Second Place: Rufus Mathew and Cameron Roseman

Rufus Matthew and Cameron Roseman’s design capitalized on the power of word-of-mouth. [Photo by Lauren Jacobs]

Rufus Mathew and Cameron Roseman, who are sophomores majoring in Computer Science and Marketing, respectively, developed an idea that would use GPS on mobile devices and allow users to connect with social media influencers who are interested in the same things they are. The target market is students struggling to find their niche on social media in a world full of influencers.

Mathew said word-of-mouth is the most effective means of communication today, and influencers can play a big role in that.

“You trust a friend of yours way more than you trust an advertisement that could have been made with half a million dollars,” Mathew said. “So that was our whole business plan; advocating for the effectiveness of word-of-mouth advertisement.”

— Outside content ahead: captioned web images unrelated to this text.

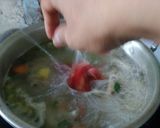 Foto langkah ke 4 dari resep Sop Ceker Ayam.
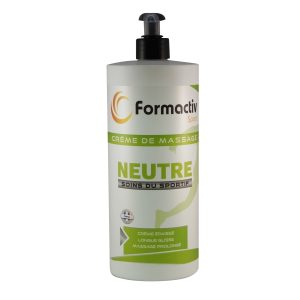 CRÈME NEUTRE FORMACTIV 200ml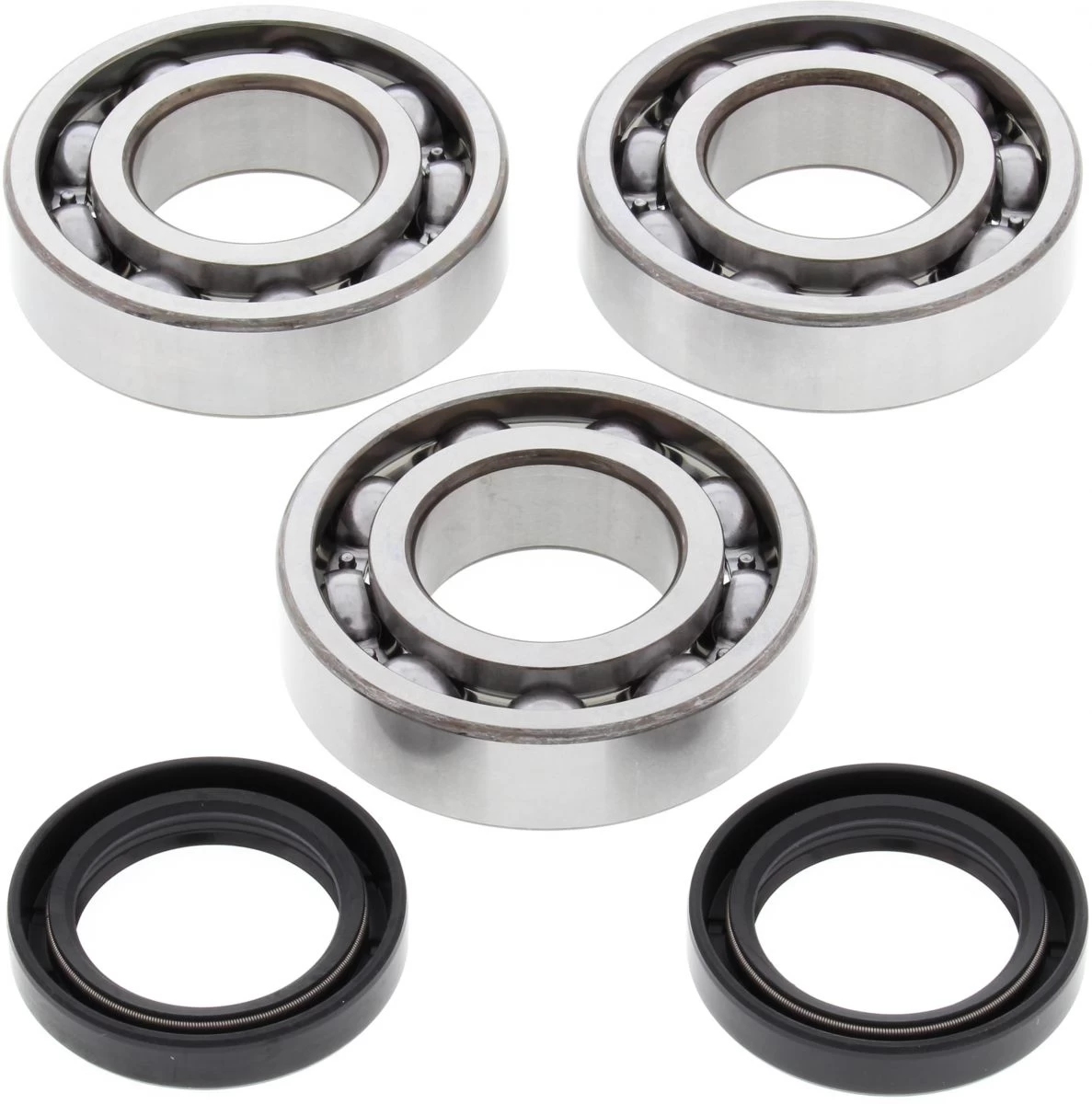 All Balls Krukaslager Set 24-1077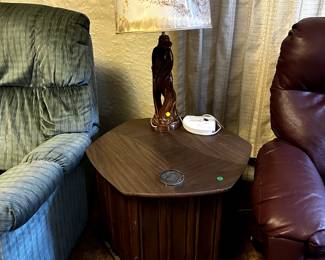 END TABLE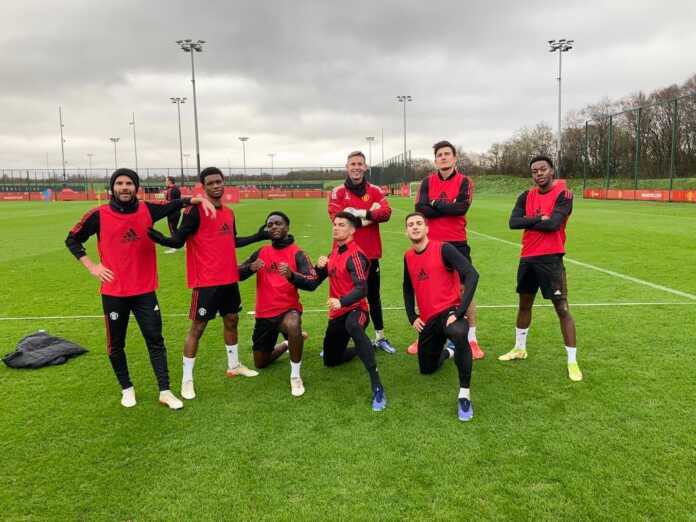 Krishtianu ovqatlanish borasida ham jamoadoshlariga o'rnak bo'lmoqda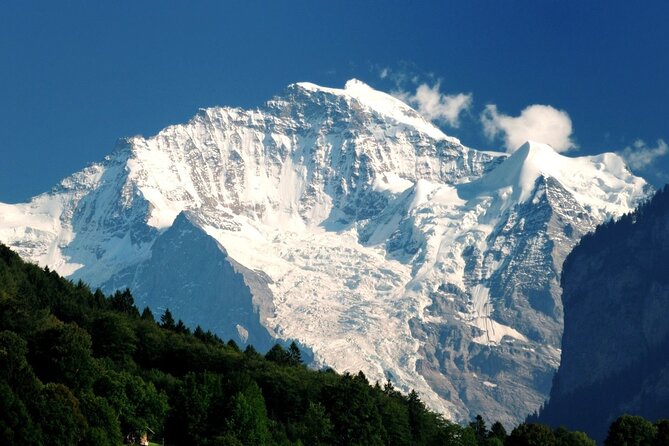 Geneva to Jungfrau Full Day Private Trip - Good To Know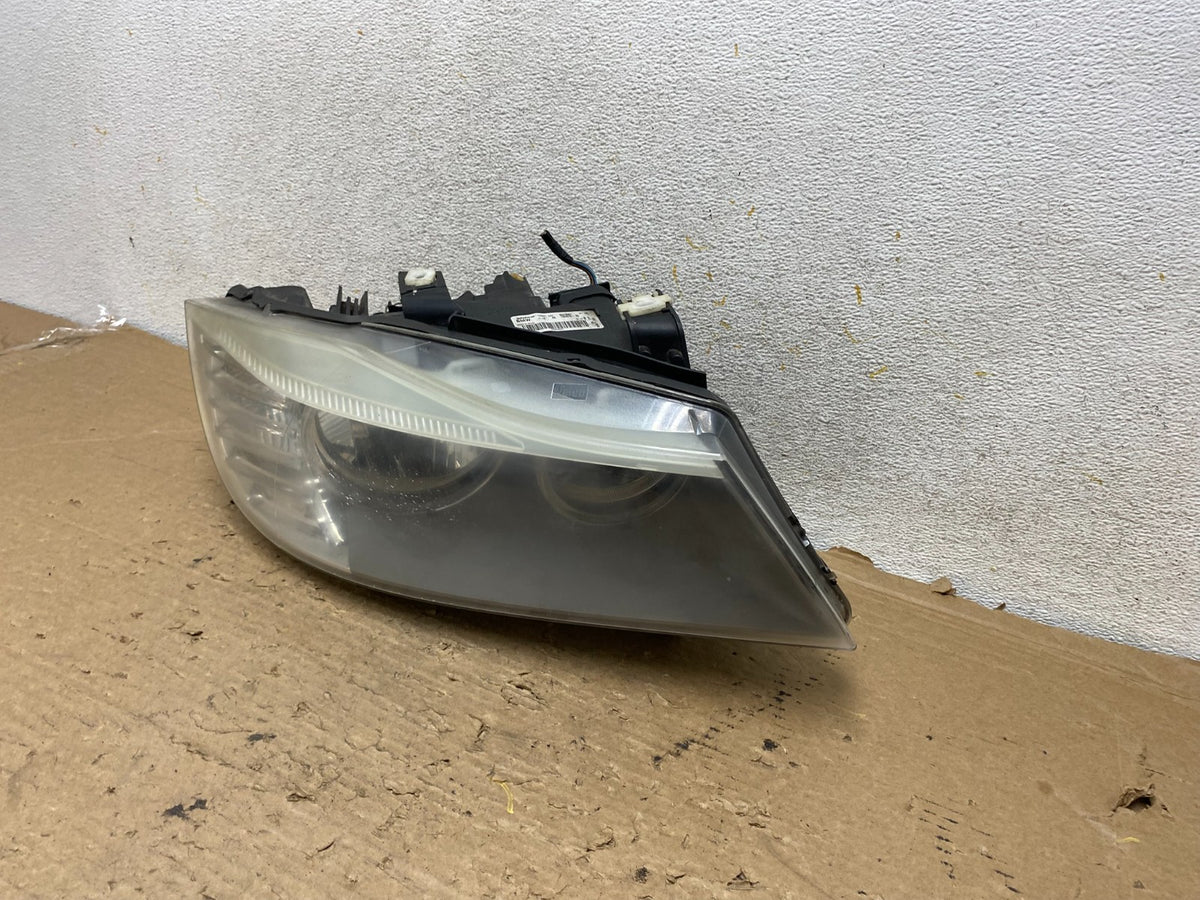 2009-2011 BMW 3 Series 328i 4/D Sedan Headlight Halogen Right Passenger AH92842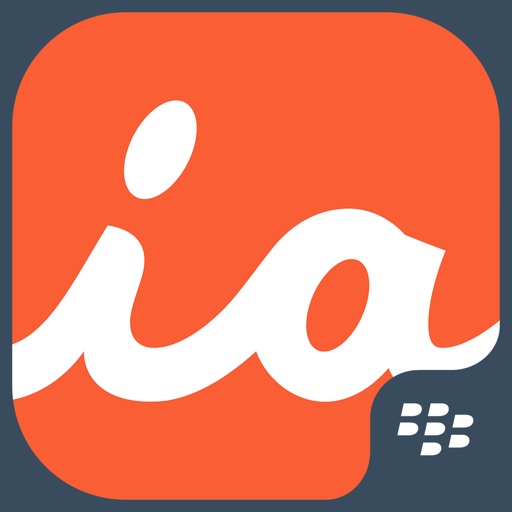 iAnnotate for BlackBerry Icon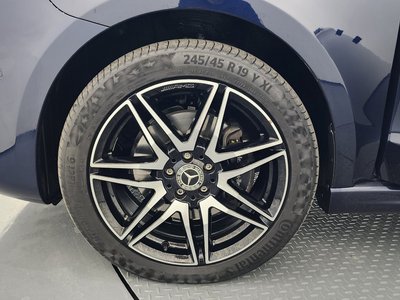 MERCEDES-BENZ V-CLASS - 6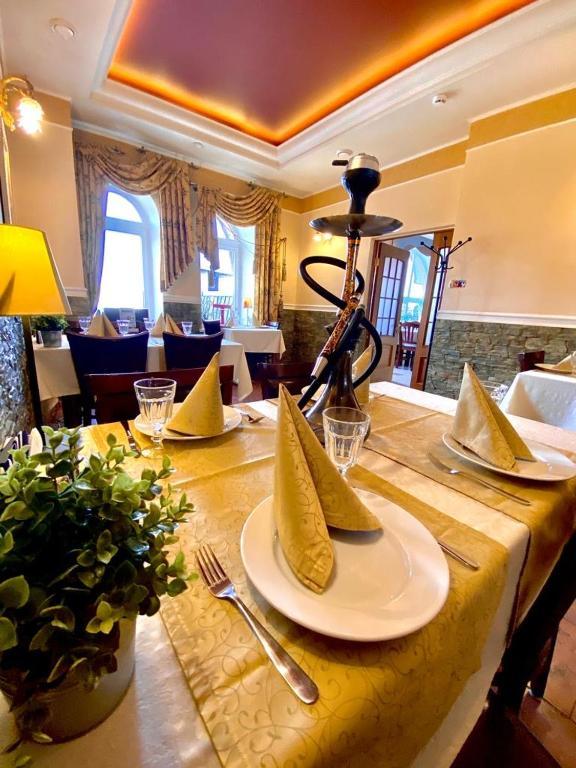 Фото Семь прудов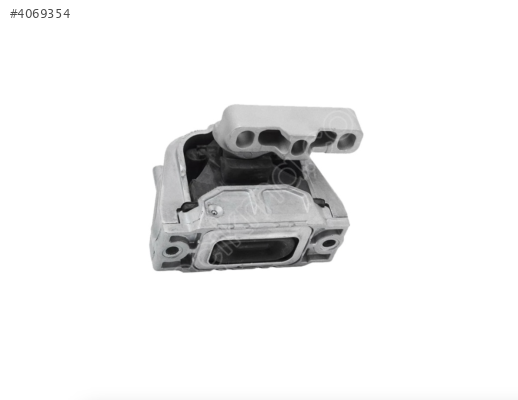 1K0199262CN MOTOR TAKOZU VW CADDY TOURAN GOLF5 6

Mathew said that The Pitch is just the beginning of his and Roseman’s ideas.

“I would say the overall best experience was just learning; learning how to present, how to get the right points, and how to be confident but not cocky,” Mathew said. “It’s a very important balance to find.”

Mathew was also excited to see that his major was well-represented at the event.

“We were really excited that most of the people who won, even in the top four, were [computer science]-based,” Mathew said. “It shows … that there’s actually a lot of new entrepreneurship that can happen.”

Another Computer Science major, Jake Allinson, won the first Pitch, which took place in the fall semester.

As he prepared for the Pitch, Matthew asked Allinson about his experience so he and Roseman could learn from his successes. Matthew said Allinson told them to predict the questions the audience would ask and prepare answers.

Both Cissel and Mathew said Cedarville’s sponsorship of The Pitch encourages entrepreneurship and innovation in students who otherwise might not have had the confidence to put themselves in front of a crowd with their ideas.

“It’s fun to see all these ideas that people have put together and are passionate about and watch them present,” Cissel said. “Watching others innovative and getting to know them; that was really cool for me.”

Mathew agreed with Cissel.

“For some reason I don’t feel like the Christian world got on the train as quickly as other people did for entrepreneurship, and these products are really able to help people,” Mathew said. “It isn’t about the money, it’s literally us trying to make a tool that can help people, and that’s what we were thinking about when we were presenting our idea.”

Zach Krauss is a Pharmacy grad student from central Texas and campus reporter for Cedars. He loves music, theatre, biology, community and meeting new people.